■ **Problem requirements**: The task for the listing below is to write out exactly the lines starting at the one containing "开关PF2W720-F40-67，实物拍照议价" and ending at the one containing "615 Oakland Avenue, Centralia, WA 98531", both included. Pictures are to be omitted.

** Material provided follows **

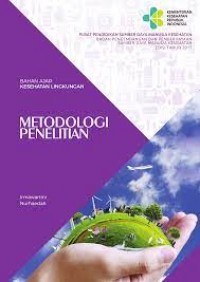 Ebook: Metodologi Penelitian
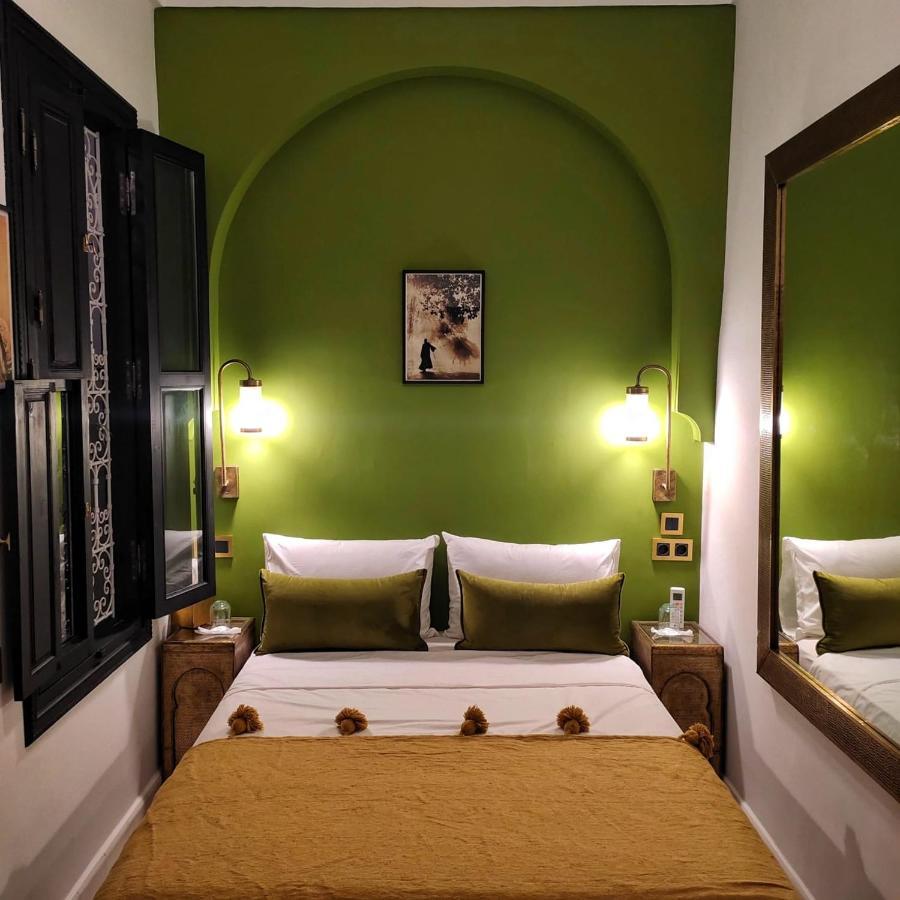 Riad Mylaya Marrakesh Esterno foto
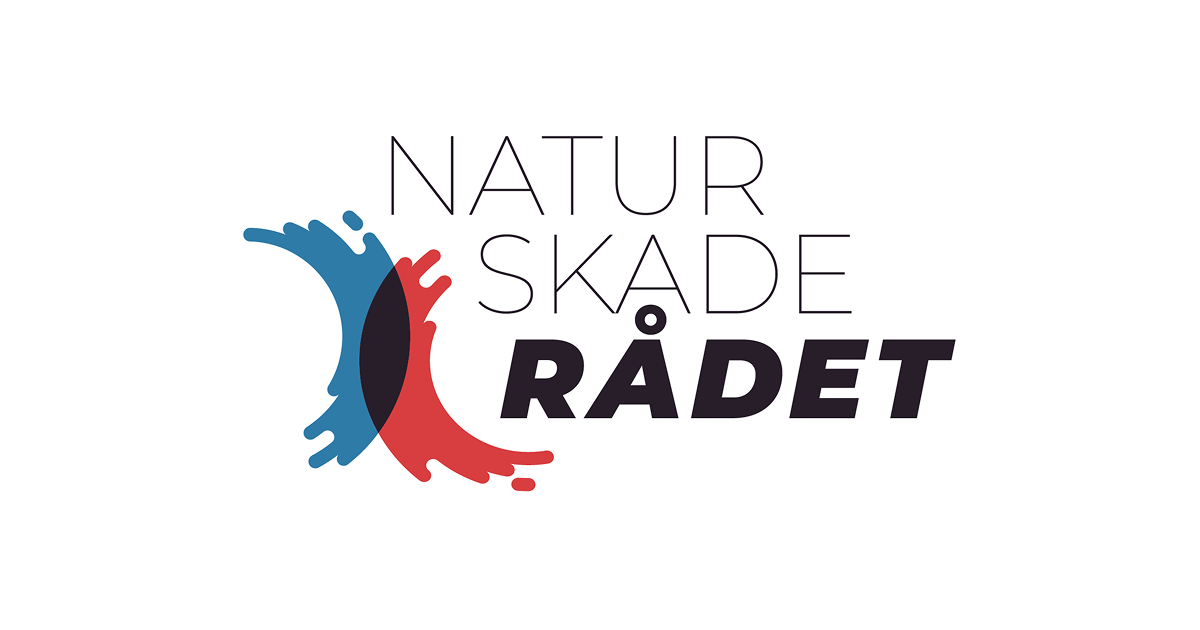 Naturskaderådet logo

** End of Material provided **
** Material provided follows **

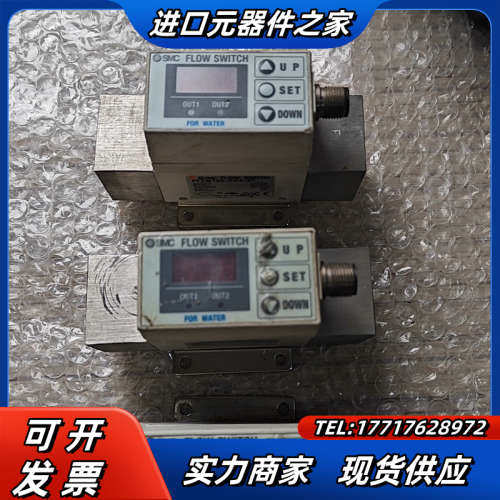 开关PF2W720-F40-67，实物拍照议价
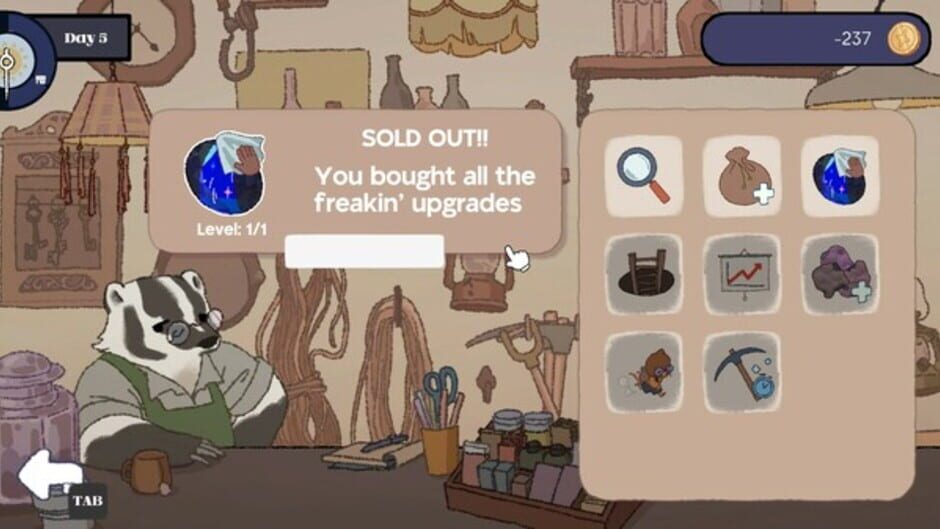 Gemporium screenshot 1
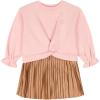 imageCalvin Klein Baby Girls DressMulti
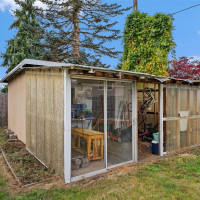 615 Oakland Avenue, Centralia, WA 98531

** End of Material provided **
** Material provided follows **

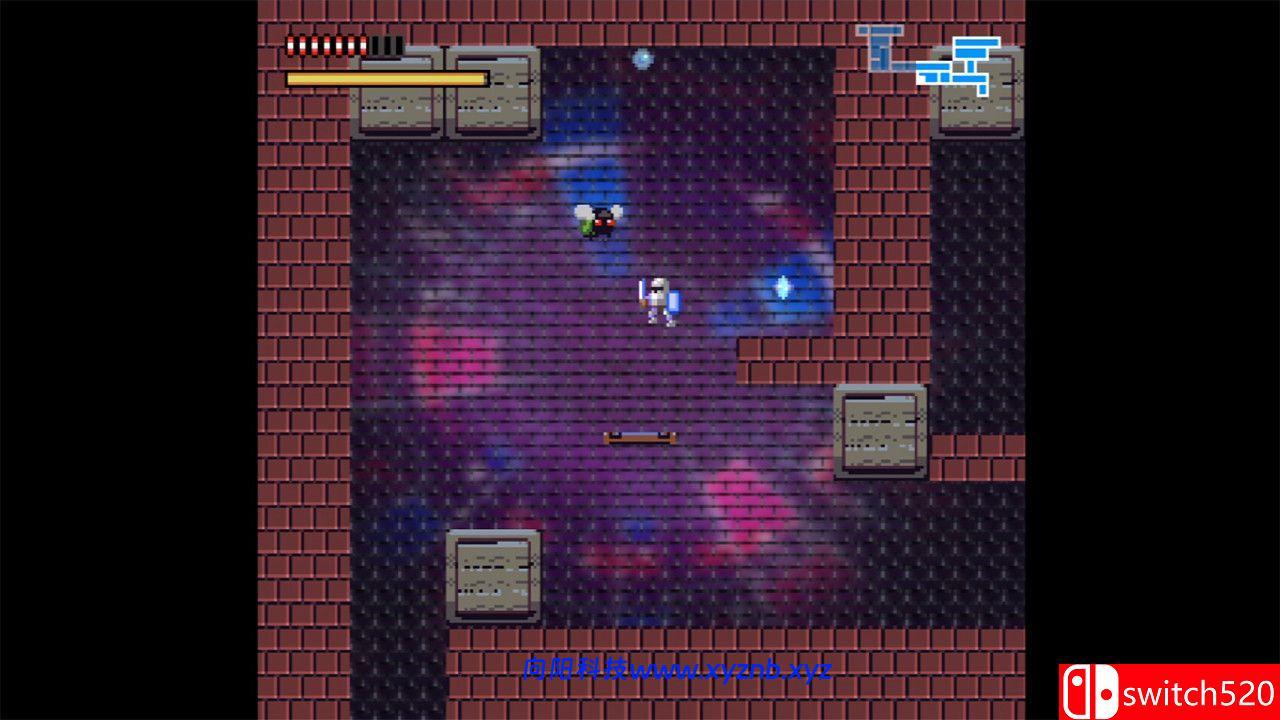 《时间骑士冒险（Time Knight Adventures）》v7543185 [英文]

** End of Material provided **

■ **Answer space**:
 开关PF2W720-F40-67，实物拍照议价
 Gemporium screenshot 1
 imageCalvin Klein Baby Girls DressMulti
 615 Oakland Avenue, Centralia, WA 98531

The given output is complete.